Illyrians

March 2, 2011
By

On the heels of yet another thwarted bombing by an Islamic terrorist mentored by Yemeni cleric-and American citizen-Anwar al Awlaki, we now discover that an Albanian Muslim living in the United States has been convicted of immigration fraud. That, however, is not the story. This website has extensively chronicled the extent of fraud present in our overburdened, dysfunctional immigration system, which too often serves as a revolving turnstile for criminals and terrorists of all stripes. As the Washington Post explains, the reason this conviction is so significant is because Brahim Lajqi also threatened to blow up the White House and the U.S. Treasury Building, among other vital targets lying within the District of Columbia. 

How he entered the United States illegally is an interesting story unto itself. 

Lajqi, an ethnic Albanian who came to the United States through Mexico in the mid-1980s, is a self-described “extremist militant,” who said he was trained by Bosnian Muslim rebels, according to court papers.

Apparently, Islamic terror networks and terrorists have been exploiting the poorly secured southern border many years before Hezbollah got into the business. What makes this story even more infuriating is the purported rationale for Lajqi’s decision to wage jihad against the institions of the American government and its citizens.
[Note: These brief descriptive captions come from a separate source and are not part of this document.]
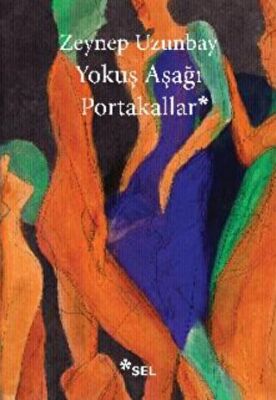 Yokuş Aşağı Portakallar - Türk Edebiyatı Romanları | Avrupa Kitabevi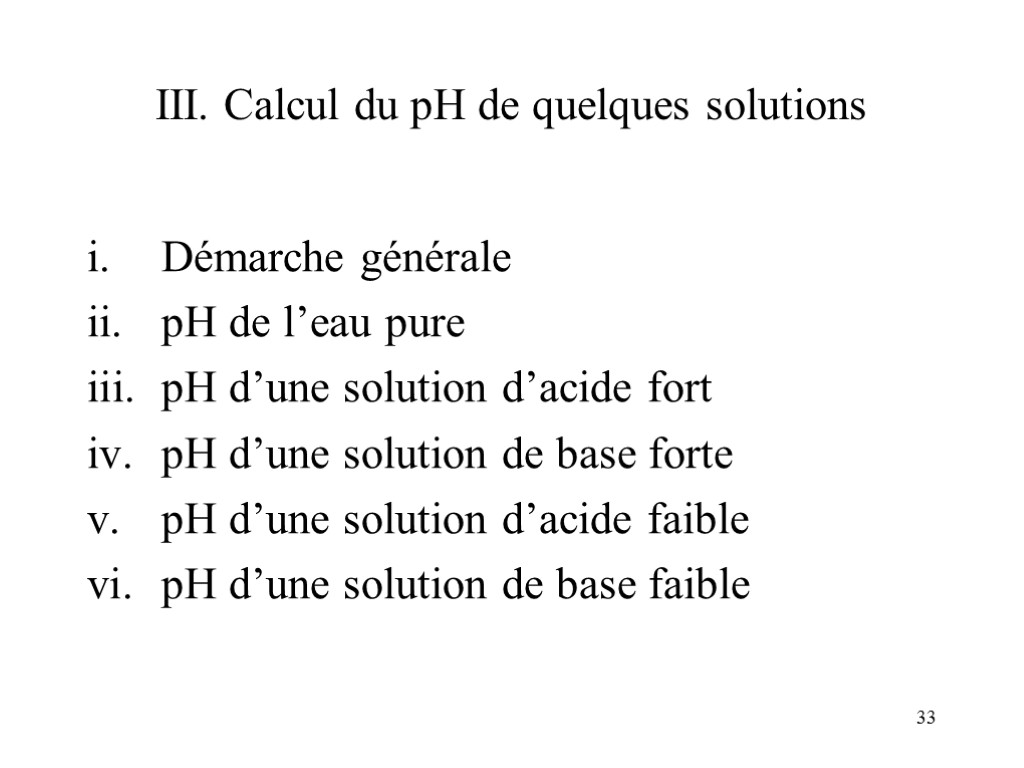 33 III. Calcul du pH de quelques solutions Démarche générale pH de l’eau pure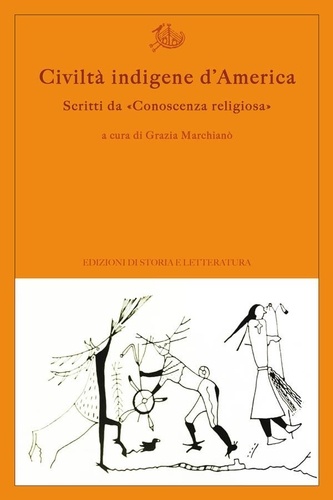 Grazia Marchianò et  Aa.vv. - Civiltà indigene d’America. Scritti da «Conoscenza religiosa».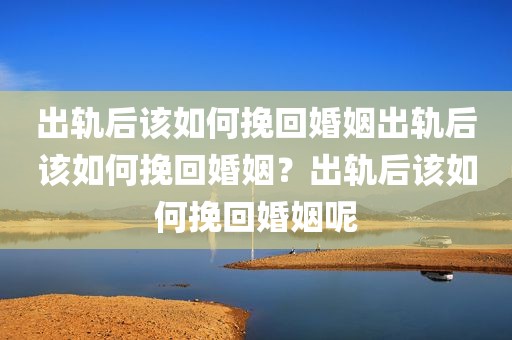 出轨后该如何挽回婚姻出轨后该如何挽回婚姻？出轨后该如何挽回婚姻呢
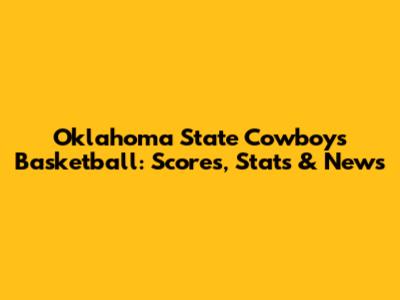 Oklahoma State Cowboys Basketball: Scores, Stats & News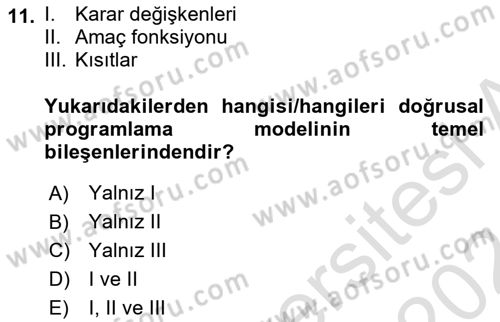 Sağlık Kurumlarında Operasyon Yönetimi Dersi Ara Sınavı Deneme Sınav Soruları 11. Soru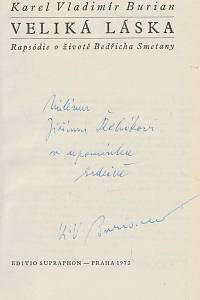 Burian, Karel Vladimír – Veliká láska (podpis)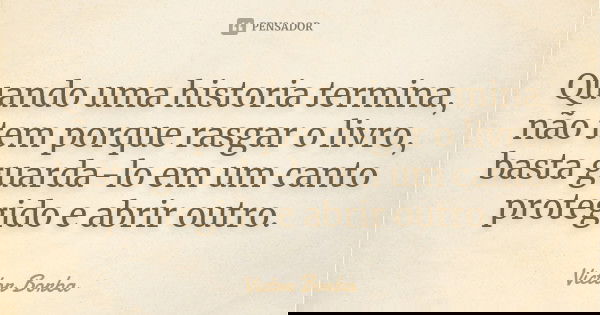 Quando uma historia termina, não tem porque rasgar o livro, basta guarda-lo em um canto protegido e abrir outro.... Frase de Victor Borba.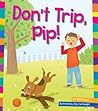 Don't Trip, Pip! by Marie Powell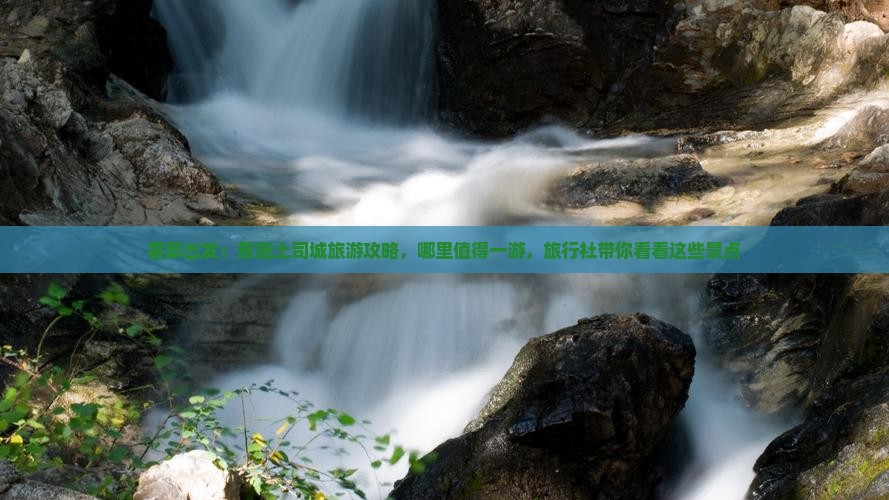 霍邱出发：恩施土司城旅游攻略，哪里值得一游，旅行社带你看看这些景点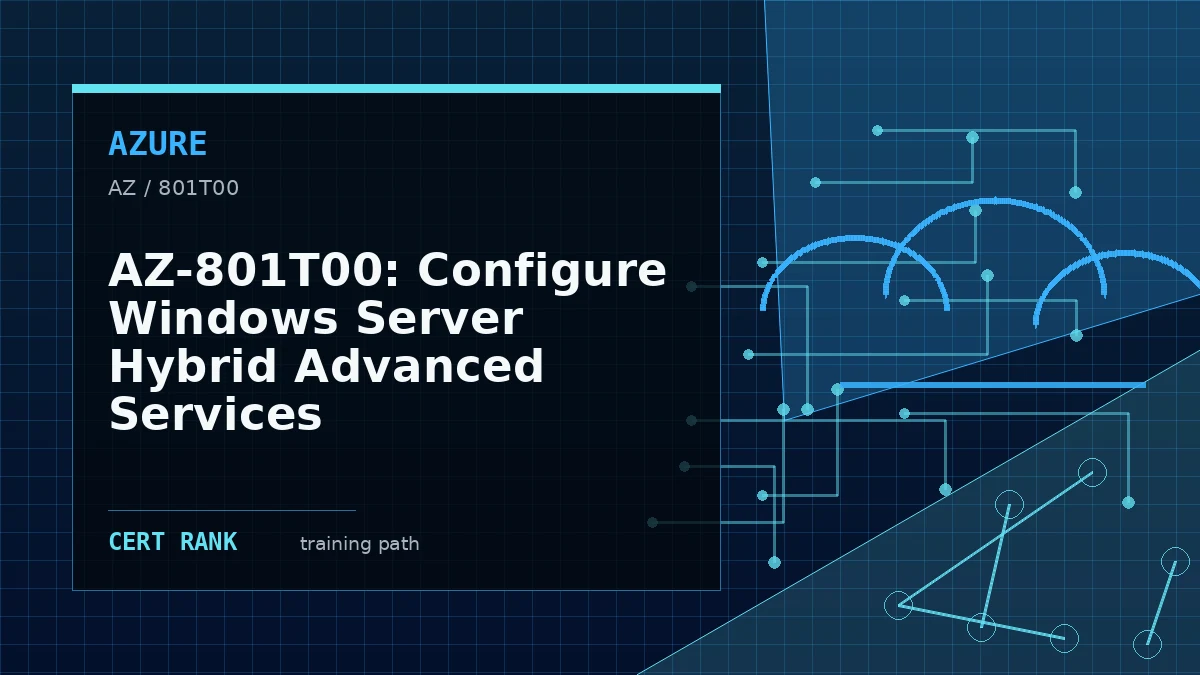 AZ-801T00: Configure Windows Server Hybrid Advanced Services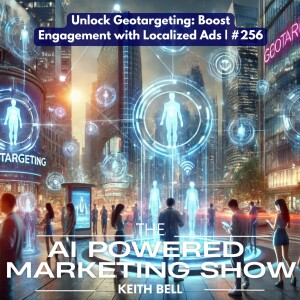 Unlock Geotargeting: Boost Engagement with Localized Ads | #256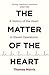 The Matter of the Heart: A History of the Heart in Eleven Operations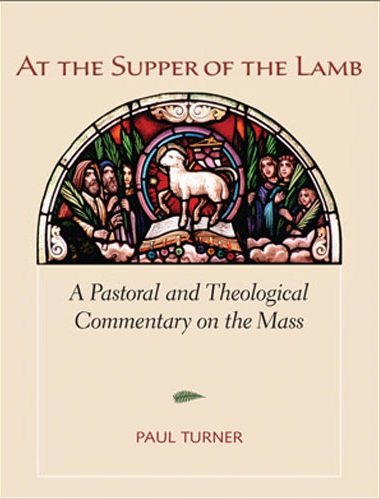 At the Supper of the Lamb: A Pastoral and Theological Commentary on the Mass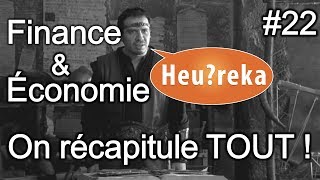 Finance amp économie  on récapitule TOUT   Heureka 22 [upl. by Irish]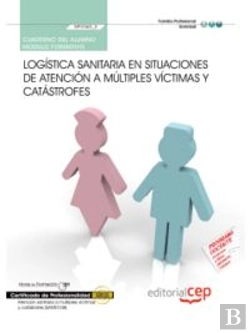 Bertrand.pt - Cuaderno Del Alumno Logística Sanitaria En Situaciones De Atención A Múltiples Víctimas Y Catástrofe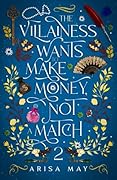 The Villainess Wants to Make Money, Not a Match 2 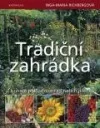 Tradiční zahrádka - Z bohaté pokladnice rad našich předků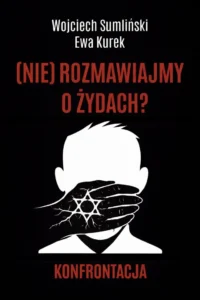 W. Sumliński- [Nie] rozmawiajmy o… żydach konfrontacja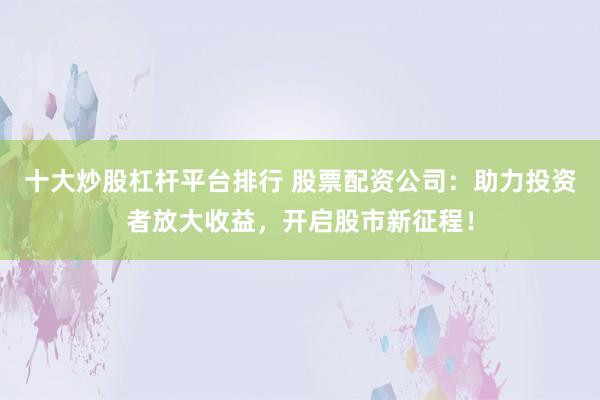 十大炒股杠杆平台排行 股票配资公司:助力投资者放大收益,开启股市新征程!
He was angry at American involvement in Kosovo. That would be the involvement on behalf of Lajqi’s fellow Muslim Albanians living inside of what was then part of Yugoslavia, which ineluctably led to Kosovar independence, which again was supported by the United States government. In other words, the man whose people would not have an independent state were it not for American benevolence was in the process of trying to murder and/or maim hundreds-or possibly thousands-of  people whose country not only allowed him to live here illegally for years but who gave his people an identifiable homeland recognized by the international community.

This case illustrates two fundamental aspects of our baffling immigration system.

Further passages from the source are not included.